这事得和徒窦商量商量。心中有点慌张,月曼新得的这个头饰可是用纯银打造而成的,当然边缘处还镶嵌了些小小的宝石,不过这不是重点,重点是我居然随手就把银饰捏到变形!

        这事要是搁平常,怎么说都是不可能。使足力气或许可以,关键是我刚才捏那个小零件时都没使力气……

        这个小零件该不会是以次充好拿纸张充数吧?

        还是它才是月曼要找的东西?

        从地上捡起它,好一个光芒耀眼的小物件,只见它的表面是银质磨砂,这种工艺应该是镀银,试着展开时触手皆为锡箔纸一样的手感,看着很轻薄但想要把它完全展开却十分不易,锡箔纸易折损,它也易折损,只能轻轻地尝试着一点一点慢慢展开,就算放在马车中的窗框上也不能保证它一定能恢复到原来的样子。

        月曼坐着没动,我则蹲在马车中间把它放在脚底踩着的硬而平整的木板上把它平铺在上面。

        它的内层依旧光芒璀璨,隐隐约约闪烁着宝石般耀眼的光芒。看来这个小物件一定大有用处,也必然能恢复到最初的模样。如此“豪气冲天”的传信方式!这难道是月齐的手笔?

        月齐从商多年,即使是在京城提起他的名字也几乎无人不晓,更别说这城郊的奇虎山。可是刚才观主师傅似乎话中有话一样提点月曼,这话中之话自然不可能是指如此物件居然是兄妹之间互相通信的优质载体,这样子好费事哦,难道月曼和月齐一年内的见面次数不超过五次?他们二人可都还没成婚呢,每月例行的家庭会议就有两次,所以月曼的这位朋友一定非富即贵。互通心意都如此大费周章,这个物件的结构又十分巧妙,大概能猜到写信人心思之细腻精妙。
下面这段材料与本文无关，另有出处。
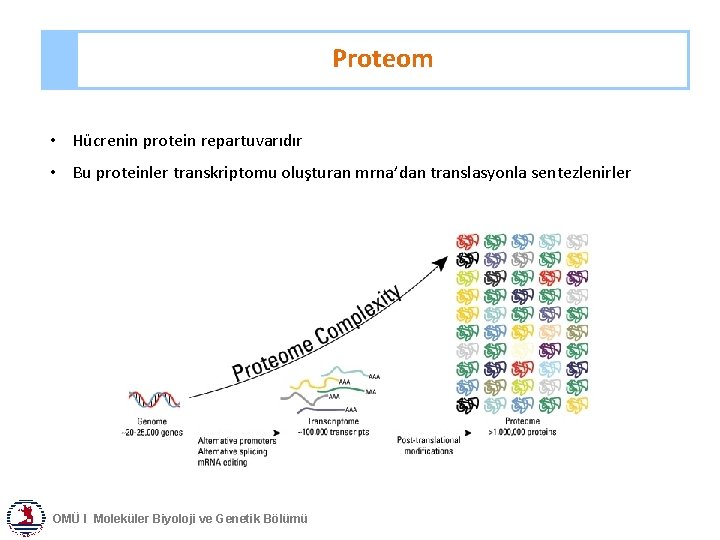 Proteom • Hücrenin protein repartuvarıdır • Bu proteinler transkriptomu oluşturan mrna’dan translasyonla sentezlenirler OMÜ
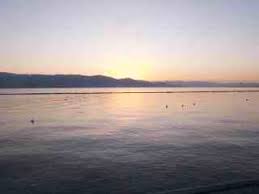 Dampak Viral: Dari Biasa Jadi Terkenal Seketika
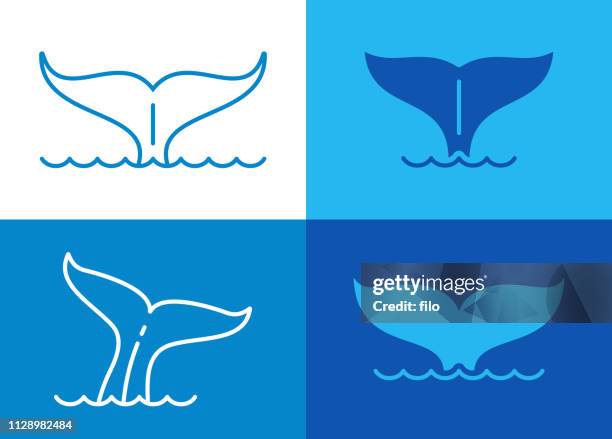 ilustraciones, imágenes clip art, dibujos animados e iconos de stock de cola de ballena - cuatro animales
        “月出照兮,佼人燎兮,舒夭绍兮,劳心惨兮!—《诗经·月出》”

        “绿丝绦一别,心中已挂念千万次。一想到你那出众的容貌,就思念;一想到你那得体的举止,就思念;一想到你那惬意的神态,就思念。明月皎皎,我心悠悠,月末城南,菩萨蛮候。”
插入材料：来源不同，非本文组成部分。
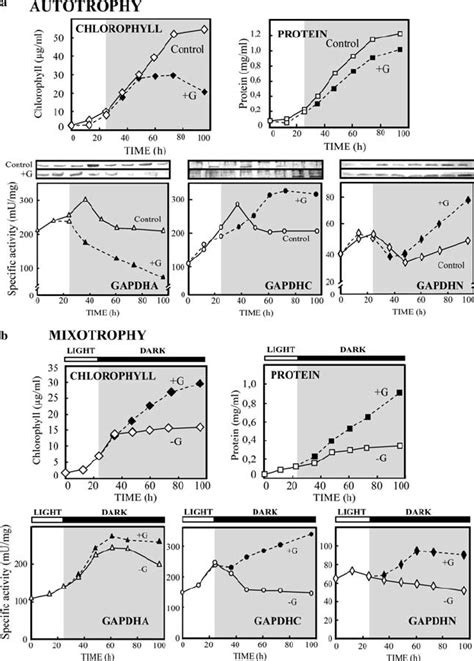 Comparison of GAPDH activity and protein levels during different ...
        真的是想象不出那位男子是怎么把这么小的字篆刻在这一朵不怎么大的“勿忘我”之上的。

        意思倒是挺简单,他见着月曼就觉得欢喜,邀她于本月月末在京城城南那边的菩萨蛮一会。

        菩萨蛮不是一处花园吗?似乎是一处私家园林,只不过是和主宅分开的的独立庭院,忘记是城南哪一户人家的了。
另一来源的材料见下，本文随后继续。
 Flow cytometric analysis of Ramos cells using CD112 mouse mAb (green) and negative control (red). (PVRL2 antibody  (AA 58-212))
        看这些话的意思,月曼和他刚认识没多久,他想约月曼见面居然一路跟着她,到奇虎山,到道观,然后他应该和我们一样让大雪困在观中数日,雪消融之后他就下山了,只留给月曼这样一封别致的“言情信件”。

        若有似无,迷雾重重,恰当的时机最适合的还是这种一派朦胧的景象。情未深,思念尤甚。

        不就是想约月曼见个面嘛!

        这番话说得月曼心里一定美滋滋的!

        如此精致的一张纸,该怎么递给月曼呢?手指微动纸张就会弯折,没办法恢复原状。月曼试了试也没找到让它恢复到原先的那个银光闪闪还隐约带着珠宝色泽的一样头饰中的小物件的模样。

        这样的纸张制作工艺之前从来没见识过,而且这张“勿忘我”花瓣形状的“纸”的每一处细节都在大声宣告着一句话:写信之人家世显赫,家财万贯,修为过人。学识如何就不好说了,一封情书而已,内容简短,无关学识。

        像这样子偶然一遇即钟情的情况,不应该是互相认识之后才能知道彼此的学识与修养吗?

        不急!

        把那封“勿忘我”递给月曼,“做工精细,可以珍藏。”月曼从旁边的木匣子中取出一本书,把“勿忘我”当作书签一样夹在书页中间。

        如今的她竟是如此的从容自若,如此的沉着镇静,窈窕淑女,君子好逑,那位男子定然眼光独到,可能也如她一般器宇不凡。

        这事十有能成!

        铁定能成!

        “到时你准备如何?”

        “会一会无妨”

        “他的诚意挺让人感动的,你觉得怎么样?”

        月曼偷笑,“秘密!”

        进城之后先到磁器口,再回袁府,送别月曼独自乘坐马车回到府中。

        车行至门口时见艾远正和徒窦话别,他们二人的一众好友悉数到场,看来徒窦的这些朋友中应该有一位准备最近成婚,这排场,这气势,基本没什么变化。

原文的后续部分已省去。